> **Aim of the task**: Leave out every picture, then transcribe the rest of the listing exactly.

> **Given data**:
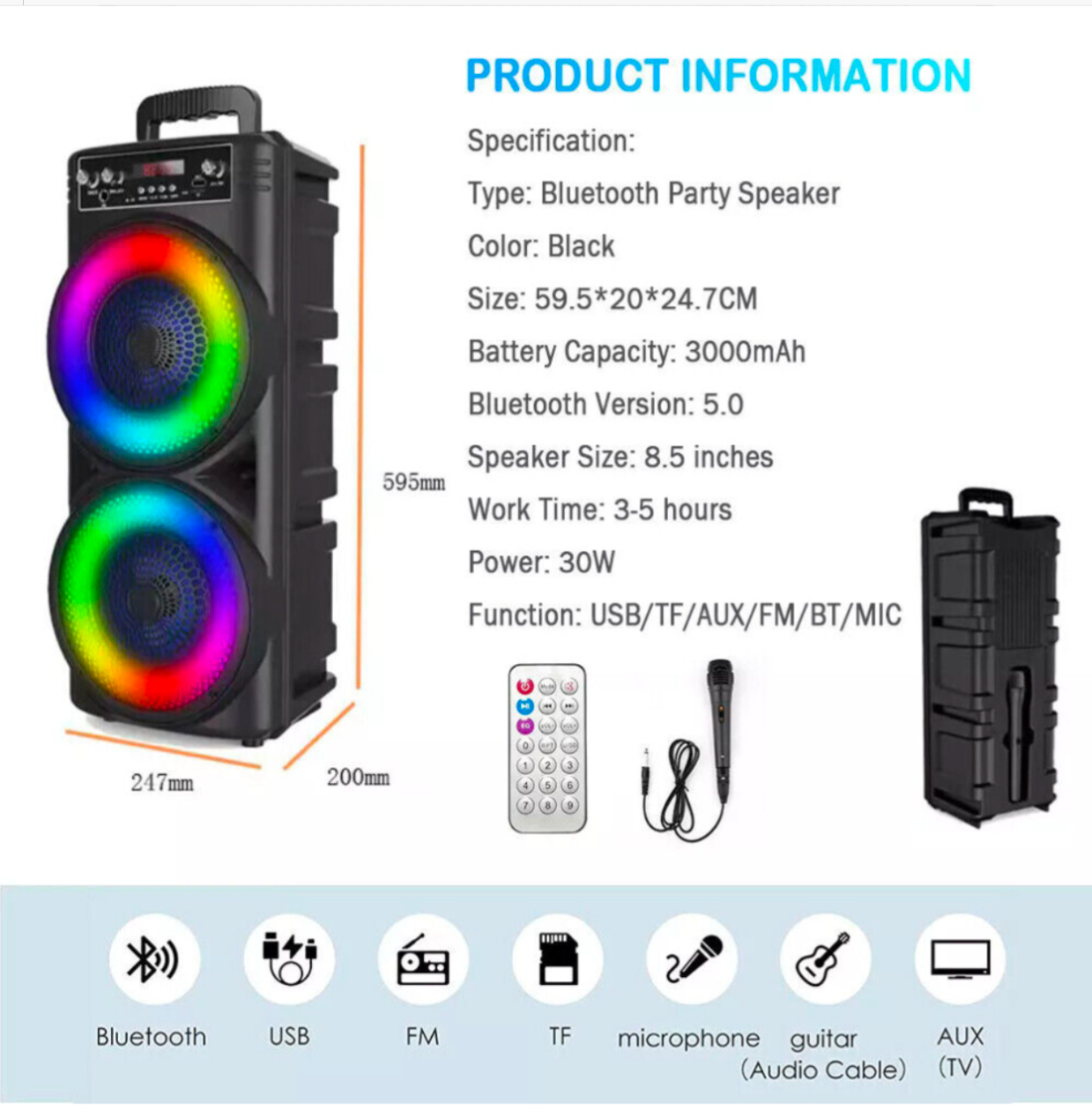 6000W Bluetooth Party Speaker with Dual Subwoofers, RGB Lights & Wireless Microphone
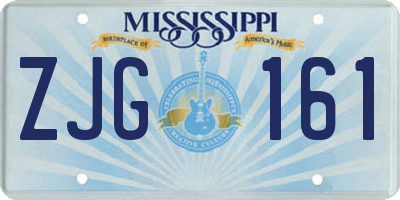 MS license plate ZJG161
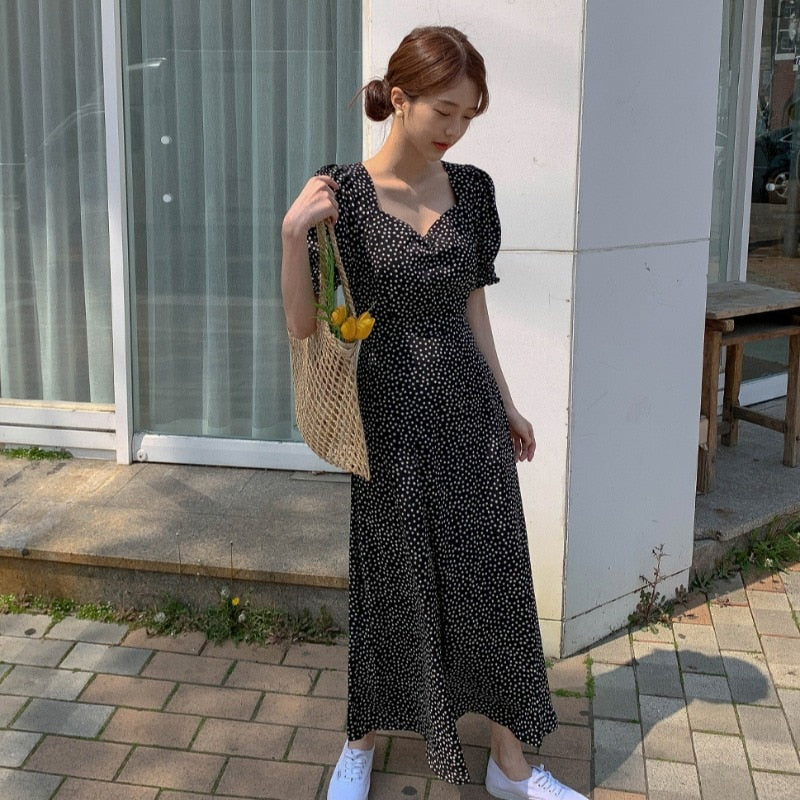 Vintage Dresses for Women Fashion Clothes Square Collar Lace Up Slim Print Lantern Sleeve Dress Korean Sexy Vestidos Summer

> **Task response**:
 6000W Bluetooth Party Speaker with Dual Subwoofers, RGB Lights & Wireless Microphone
 MS license plate ZJG161
 Vintage Dresses for Women Fashion Clothes Square Collar Lace Up Slim Print Lantern Sleeve Dress Korean Sexy Vestidos Summer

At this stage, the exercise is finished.